Image-text web data:
[Start of section]
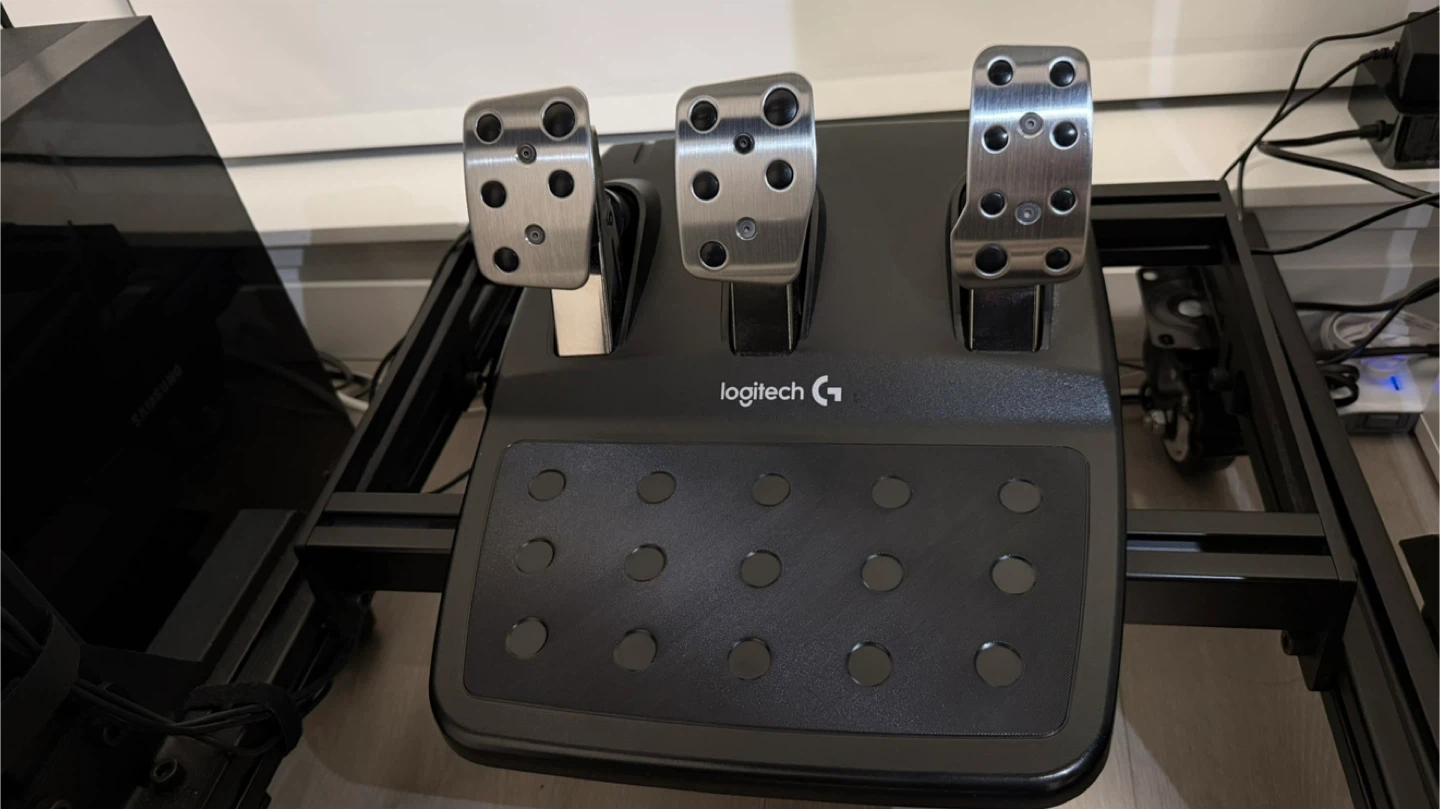 Logitech G29 Racing Wheel with Pedals - photo 5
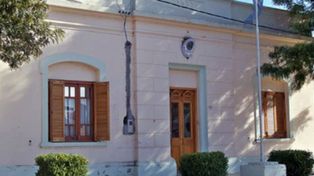 Un pastor retuvo enclaustradas a una mujer y tres niñas durante 15 años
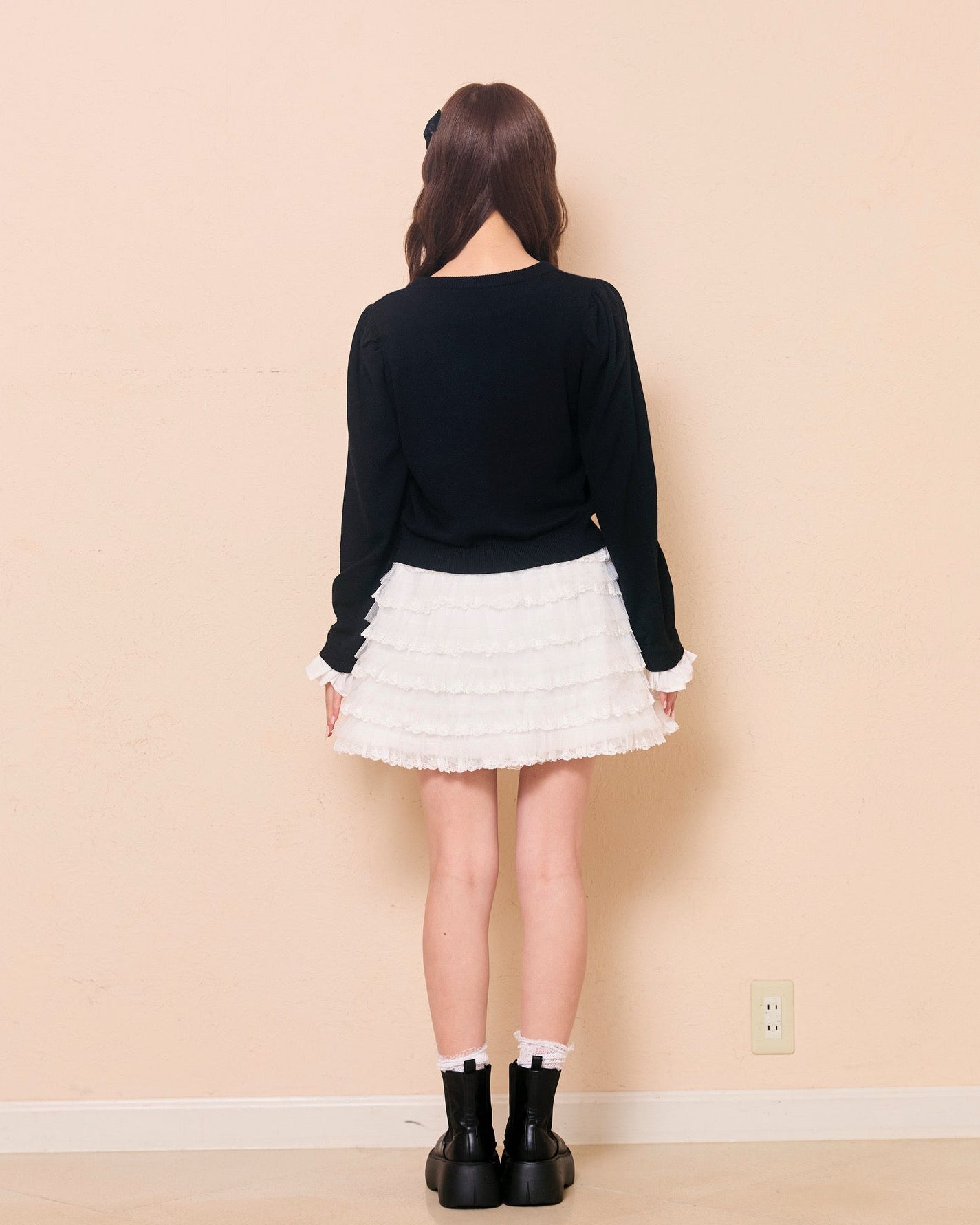 rose lace mini skirt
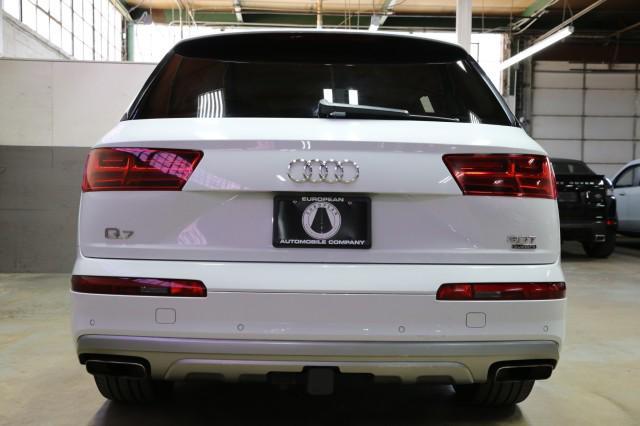 Photo of 2018 Glacier White Metallic Audi Q7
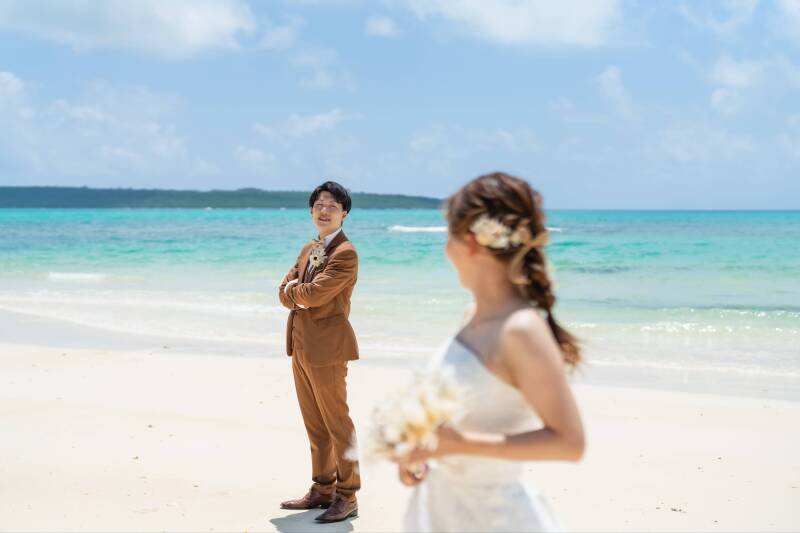 振り向いた先には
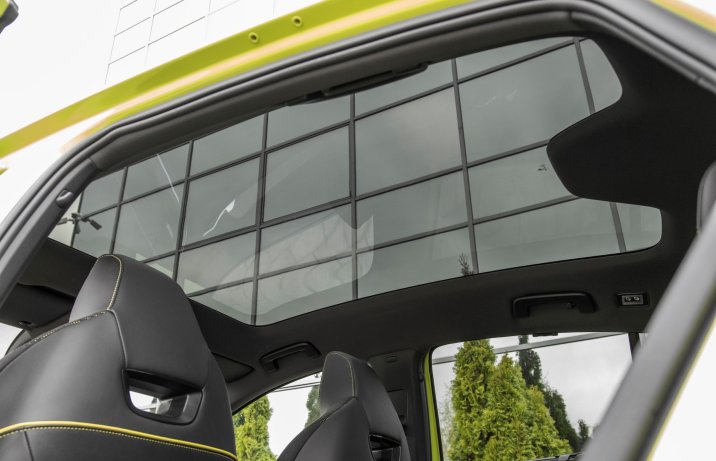 Skoda Enyaq Coupe - okno dachowe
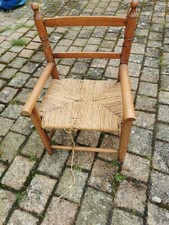 Petite chaise en osier et bois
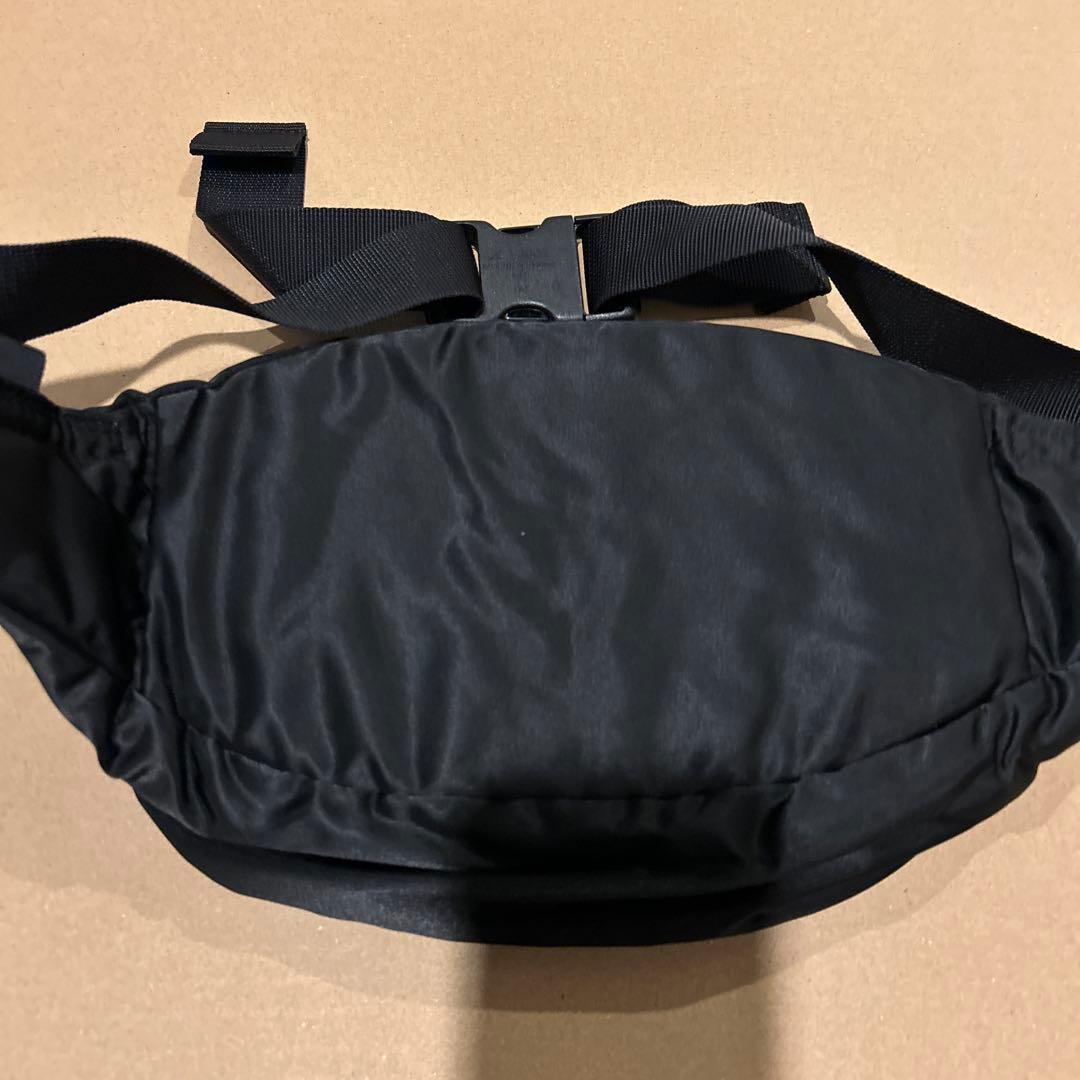 極美品　PORTER ポーター TANKER タンカー ボディバッグ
[End of section]
Work to be completed:
Only the lines from the one that contains "rose lace mini skirt" to the end of the records, inclusive, are to be quoted exactly, with pictures excluded.

Answer box:
 rose lace mini skirt
 Photo of 2018 Glacier White Metallic Audi Q7
 振り向いた先には
 Skoda Enyaq Coupe - okno dachowe
 Petite chaise en osier et bois
 極美品　PORTER ポーター TANKER タンカー ボディバッグ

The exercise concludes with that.